The book launch reflected Dr Alexander’s sentiments as educators and well-wishers from across the Caribbean commended the book’s relevance and depth. The celebration debuted across multiple platforms – including the North Caribbean Conference’s streaming pages - and featured many exciting segments.

Notably, eleven educators from nine islands took their seats at the event’s virtual round table dubbed “Peeling Back the Pages” to discuss the book’s content.

Each panellist gave their definition of the integration of faith and learning. Mrs Carlotta Challenger (Principal of Arthur Waldron SDA Secondary, Dominica) defined the term as, “Bringing together our beliefs and value systems as we share concepts in the learning environment and wherever we are given an opportunity to influence [others].”

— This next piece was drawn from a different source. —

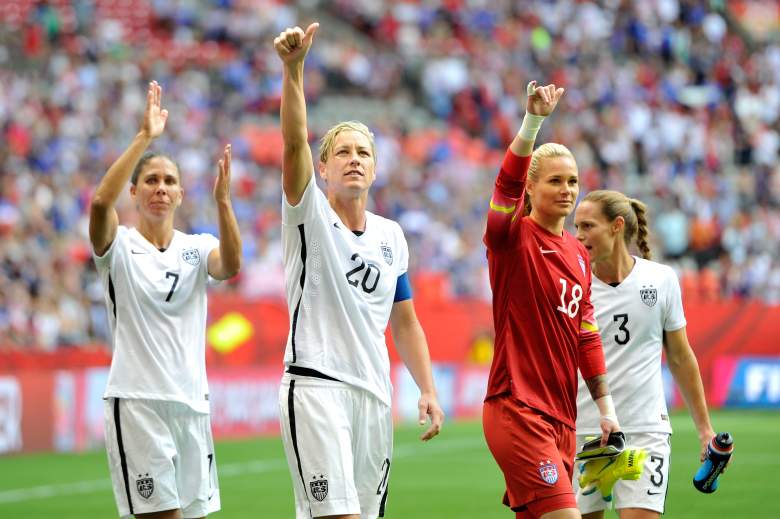 Members of the U.S. Soccer Team wave to the crowd following a win over Nigeria. (Getty)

Panellists shared their perspectives on various teaching strategies, and their applications, as outlined in the book. On the question, “How many baskets of fragments took ye up?” (Chapter 3), alluding to Jesus’ miracles of the loaves and fish, the educators made salient points on the author’s approach to teachers’ innovation. “Using scarce resources is nothing new to teachers,” said Mr Roland Sealey (Chair of Teacher Training Department, University of the Southern Caribbean). He termed teachers’ resourcefulness as the “Rumpelstiltskin phenomenon” where educators are often given straw and expected to spin gold. He noted that “Jesus showed us how to [utilize] scarce resources to ensure the maximum number of people benefited.”

Turning to the question, “Who do you say that I am?” (Chapter 24) the panellists dissected the author’s approach to teaching children self-worth through personal example. Mrs Yvette Blanchette (Principal, St. Kitts SDA Primary School) said, “Jesus expects us to be kind, tender-hearted and loving, and to accept [our] students…so that when the question is asked, “who do you say I am?” our children can say that our teachers and parents are representatives of Christ.”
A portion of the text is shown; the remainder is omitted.